Textuality: Art Incorporating Text and Letterforms

August 26th, 2018  |  Published in July/August 2018  |  1 Comment

For the most part, human beings are a verbal species.  Since time before recorded history, people have utilized language, both written and spoken, to communicate with one another.   The exhibit Textuality : Art Incorporating Text and Letterforms, now on display at Manifest Gallery, sets out to explore the notion of text and wordplay via the construct of a fine art gallery setting.  In the exhibit’s statement, the natural correlation and overlap between the written letter/word and drawn line is noted.  To write is to draw, after all.  This show is “the verbal made visual and where language returns to image” which perhaps was how human kind communicated in the first place, before the written word.

The show is situated in the entry room of the gallery space so the viewer is immediately confronted by the work at hand.  Upon entering the space, one most immediately eye-catching piece of work is that of Zac Weinberg, Uncertainty in the Face of Doubt  which is a neon-sign styled piece assertively commanding us to “Believe”. This piece is electronic, lit up in cornflower blue and well crafted.  Along with the other large scale work entitled Foundations of Sand by Christian Faur, Weinberg’s piece acts as a visual co-anchor amidst other more traditional and two-dimensional works.

 

Faur’s piece is, at first glance, a muted grayscale portrait of a farmhouse.  But upon closer inspection it’s crafted of shredded bits of text- covered shredded paper in varying values to create the image portrayed from afar.  In addition to the lettered slips of paper, there is the added element of gold leaf edged on some of the shreds as well as a gold plated cast lamb’s heart included in the frame of the work.  There is no statement to accompany the elements of this piece so the viewer is left to interpret the work as best as possible. It is intriguing nonetheless.

It is interesting that the notion of ‘text’ should be interpreted by so many artists in what might be considered a non-textual fashion as stated above.  There are lovely collaged images by Trudy Borenstein-Sugiura and Billy Renkl, and a sculptural work by Megan Mattax (byproduct: kän,den’sāSH(ə)n that really speaks to a ‘world of language’, presented as a globe of sorts, crafted of discarded dictionaries, thread, ink, gesso, and epoxy resin.  It is not lost on this reviewer that most of these materials are traditional book-making supplies.

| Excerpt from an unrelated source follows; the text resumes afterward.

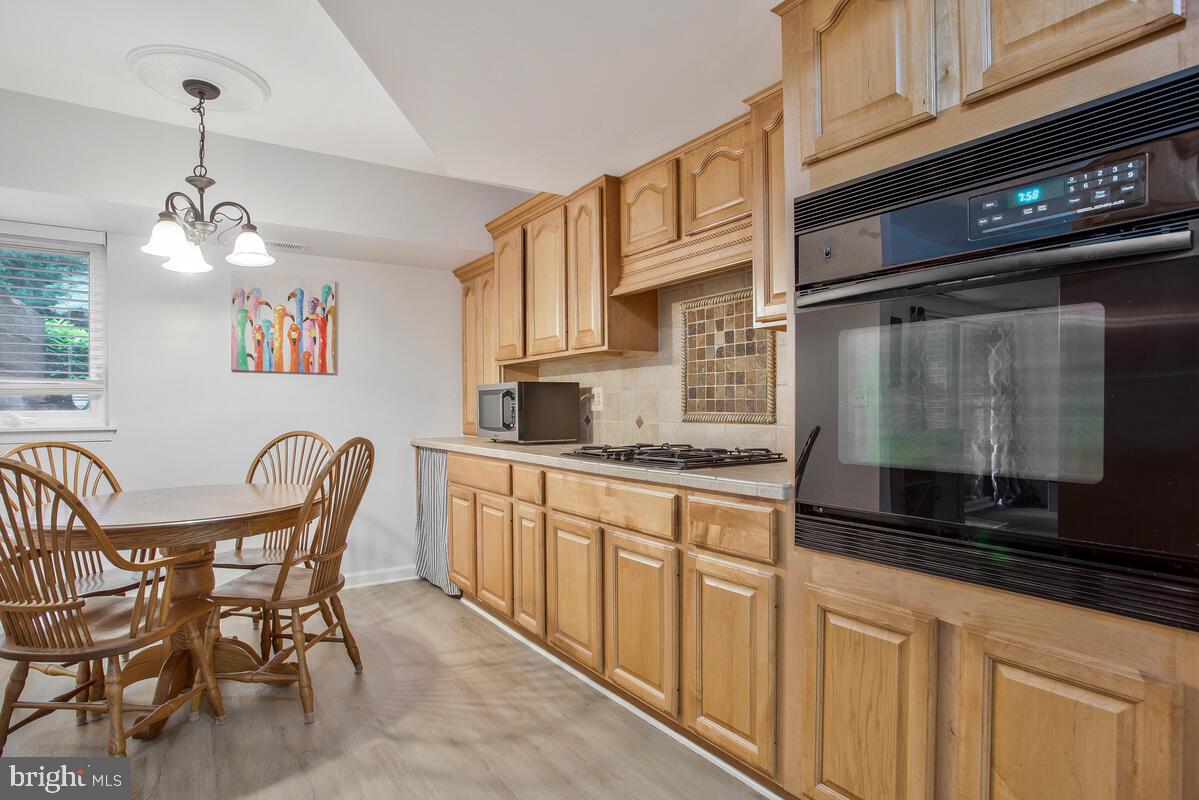 11 Silverwood Cir #4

And then there are a number of works which are, in the traditional way of text and lettering and such, crafted in two-dimensions, with paints and  inks on paper; printed commercially as well as more traditionally in a carved wood-block or printer’s press manner.  These works shine in their ability to accomplish two or more jobs at once.  They are artfully executed, well-crafted images in their own right, and yet carry the burden of language within their shape.

Ian Cross’s work, Inner Speech reads as an abstracted illustration of an over-grown forested landscape.  In Cheryl Wassenaar’s works Pause 1 & 11, utilizing commercial signage, I am reminded of the spare, shape driven language of the sculptural work of Louis Nevelson.   Craig Briar’s printed works Post Truth and A Smatter of Fact both lurch the viewer back into a modern state of political awareness without mentioning any names.

 

It is difficult to escape the current here and now of our dramatic political landscape, especially when contemplating the printed word and the meaning of words themselves.  Manifest’s Textuality exhibit does a fine job of delivering to the viewer the escape from reality that art can often offer -through beauty, provocation of thought, and creative manipulation of materials, while still challenging us to remember what’s at stake, especially in these challenging modern times, through the avenue of the printed word.

This show runs through September 14, 2018 at the Manifest Gallery in Walnut Hills, Cincinnati, Ohio.

–Amy Bogard

Responses

  1. Mike Gentry says:

    August 27th, 2018at 9:25 pm(#)

    Appreciated the artistic merit and originality of the pieces. clever. subtle. worth my time.